Versammlung vieler demonstrierender Menschen - Foto: Romerito Pontes via Flickr (CC BY 2.0) [https://creativecommons.org/licenses/by/2.0/]

Seit vier Jahren dieselbe Frage: 'Wer hat Marielle getötet?'
Foto: Romerito Pontes via Flickr (CC BY 2.0)
[https://creativecommons.org/licenses/by/2.0/]

Vier Jahre nach dem Mord an der Schwarzen linken Stadträtin und Aktivistin Marielle Franco spricht ihre Mutter im Interview über die schleppende Aufklärung des Verbrechens.

(Rio de Janeiro, 14. März 2022, Brasil de Fato) - Vor vier Jahren, in der Nacht des 14. März 2018, fuhren Marielle Franco und Anderson Gomes durch das Viertel Estácio im Zentrum Rio de Janeiros, als ihr Fahrzeug in einen Hinterhalt geriet und Schüsse fielen, die die Stadträtin der linken Partei PSOL und ihren Fahrer töteten [1]. Marielle Franco war auf dem Rückweg von einer Veranstaltung unter dem TItel "Junge Schwarze Frauen verändern die Strukturen" in Lapa, einem der Szeneviertel Rio de Janeiros.

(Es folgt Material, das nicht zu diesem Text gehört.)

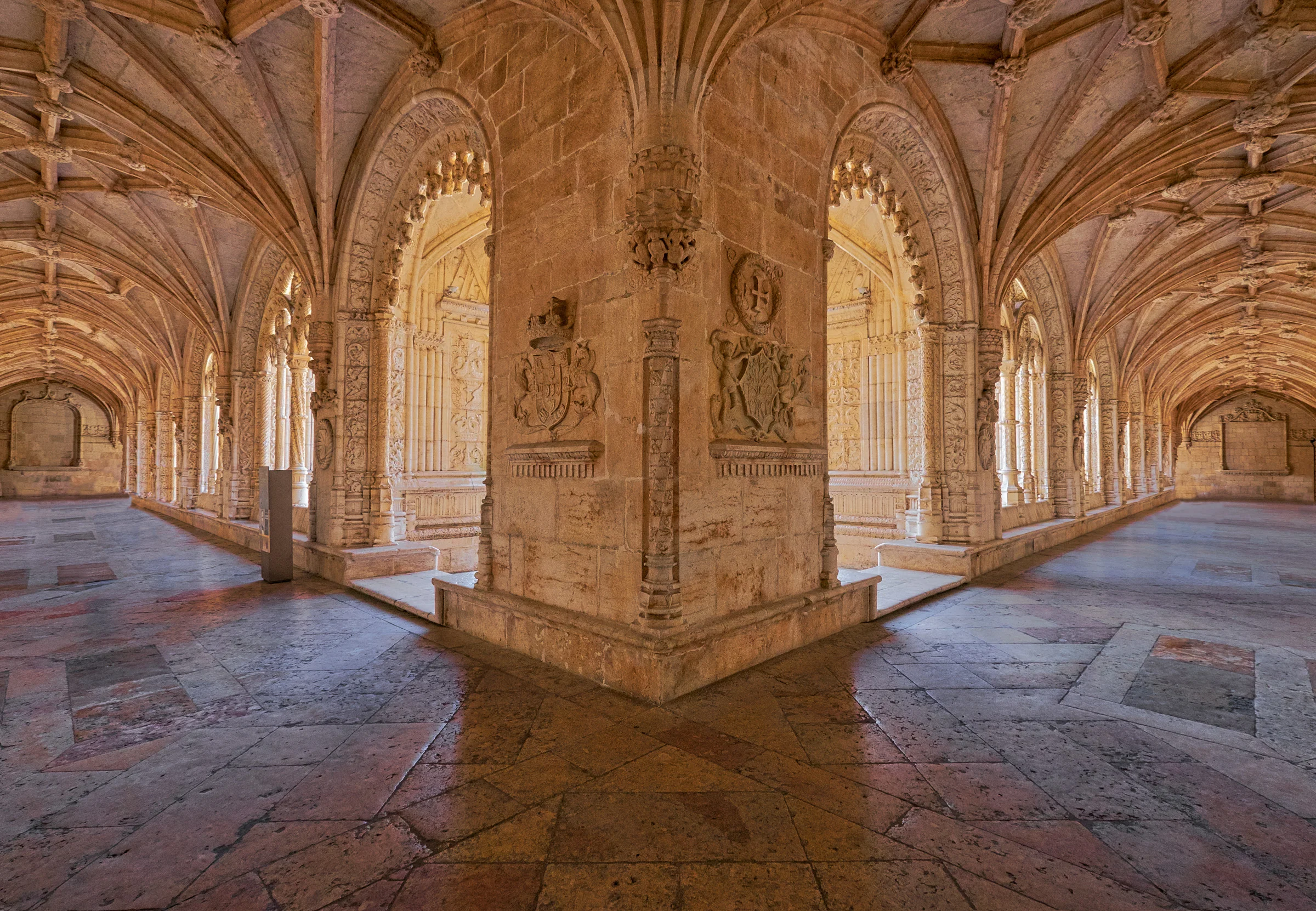 The Cloisters - Mosteiro dos Jeronimos - Lisbon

Anfang März 2022 traf Marielle Francos Mutter, die Anwältin Marinete da Silva, das Ermittlungsteam, das den Mord an ihrer Tochter seit vier Jahren untersucht. In einem Interview mit Brasil de Fato sprach da Silva über das Treffen, das immer noch keine Antwort auf die Frage geben konnte, wer die Hauptverantwortlichen für das Verbrechen sind. Auf die Frage, ob sie von der Bundes- und Landesregierung unterstützt werde, antwortete sie, dieser Kommunikationskanal existiere nicht.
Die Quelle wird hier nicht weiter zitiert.